The Falcon 9 first stage used on the launch of a Dragon cargo spacecraft to the International Space Station was intended to land at the company’s Landing Zone 1 at Cape Canaveral, several kilometers to the south of Space Launch Complex 40, where the rocket lifted off.
However, the booster suffered a problem with the grid fins on the first stage, used to control the vehicle during its descent. The stage, at one point spinning rapidly, ended up touching down on the surface of the ocean a few kilometers offshore. The booster toppled over but remained afloat, and SpaceX was sending out boats to tow the stage back to the harbor at neighboring Port Canaveral.

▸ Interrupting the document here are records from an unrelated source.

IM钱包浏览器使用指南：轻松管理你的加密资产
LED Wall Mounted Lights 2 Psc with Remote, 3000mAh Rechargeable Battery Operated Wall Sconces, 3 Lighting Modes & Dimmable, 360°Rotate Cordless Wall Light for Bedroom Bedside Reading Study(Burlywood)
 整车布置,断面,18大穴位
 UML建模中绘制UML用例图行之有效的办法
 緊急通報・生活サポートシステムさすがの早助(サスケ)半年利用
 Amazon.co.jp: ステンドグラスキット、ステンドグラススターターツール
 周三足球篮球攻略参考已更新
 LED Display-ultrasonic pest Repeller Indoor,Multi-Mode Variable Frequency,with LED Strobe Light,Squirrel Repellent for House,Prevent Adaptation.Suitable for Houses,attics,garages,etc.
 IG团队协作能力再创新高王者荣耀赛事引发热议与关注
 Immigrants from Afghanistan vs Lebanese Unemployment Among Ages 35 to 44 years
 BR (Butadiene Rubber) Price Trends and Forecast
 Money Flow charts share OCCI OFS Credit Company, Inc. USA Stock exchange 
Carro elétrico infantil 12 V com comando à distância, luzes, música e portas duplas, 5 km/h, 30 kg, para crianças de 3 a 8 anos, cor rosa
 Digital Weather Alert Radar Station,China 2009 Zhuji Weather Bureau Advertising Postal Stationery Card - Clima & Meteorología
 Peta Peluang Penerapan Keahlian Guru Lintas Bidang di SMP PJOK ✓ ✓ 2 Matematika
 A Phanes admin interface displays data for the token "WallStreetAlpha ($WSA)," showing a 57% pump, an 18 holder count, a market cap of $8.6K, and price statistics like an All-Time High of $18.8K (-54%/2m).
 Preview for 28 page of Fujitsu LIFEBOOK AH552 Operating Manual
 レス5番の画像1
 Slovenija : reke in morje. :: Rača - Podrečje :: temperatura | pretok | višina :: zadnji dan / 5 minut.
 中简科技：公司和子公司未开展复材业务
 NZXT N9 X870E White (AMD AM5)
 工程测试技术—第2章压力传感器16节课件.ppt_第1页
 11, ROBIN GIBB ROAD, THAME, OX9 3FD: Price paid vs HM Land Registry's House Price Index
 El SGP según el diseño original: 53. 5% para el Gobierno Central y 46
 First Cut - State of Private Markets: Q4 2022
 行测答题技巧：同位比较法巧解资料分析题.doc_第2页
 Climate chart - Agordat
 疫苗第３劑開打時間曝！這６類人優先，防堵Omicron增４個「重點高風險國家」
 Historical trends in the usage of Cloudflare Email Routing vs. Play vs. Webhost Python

Elon Musk, the chief executive of SpaceX, said in a series of tweets that a hydraulic pump used for the grid fins malfunctioned, which prevented them from working properly and leading to the stage spinning up. “Some landing systems are not redundant, as landing is considered ground safety critical, but not mission critical,” he wrote.
Hans Koenigsmann, vice president of build and flight reliability, offered a similar explanation at a post-launch briefing at NASA’s Kennedy Space Center. The stage, he noted, continued to work even after tipping over into the water, going through a standard post-landing safing sequence and transmitting data.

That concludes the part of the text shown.